Task instructions: The listing below is to be output in its exact form.

Provided data:
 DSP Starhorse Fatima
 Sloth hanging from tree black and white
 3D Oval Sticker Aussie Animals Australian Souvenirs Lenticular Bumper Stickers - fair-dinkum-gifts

Response area:
 DSP Starhorse Fatima
 Sloth hanging from tree black and white
 3D Oval Sticker Aussie Animals Australian Souvenirs Lenticular Bumper Stickers - fair-dinkum-gifts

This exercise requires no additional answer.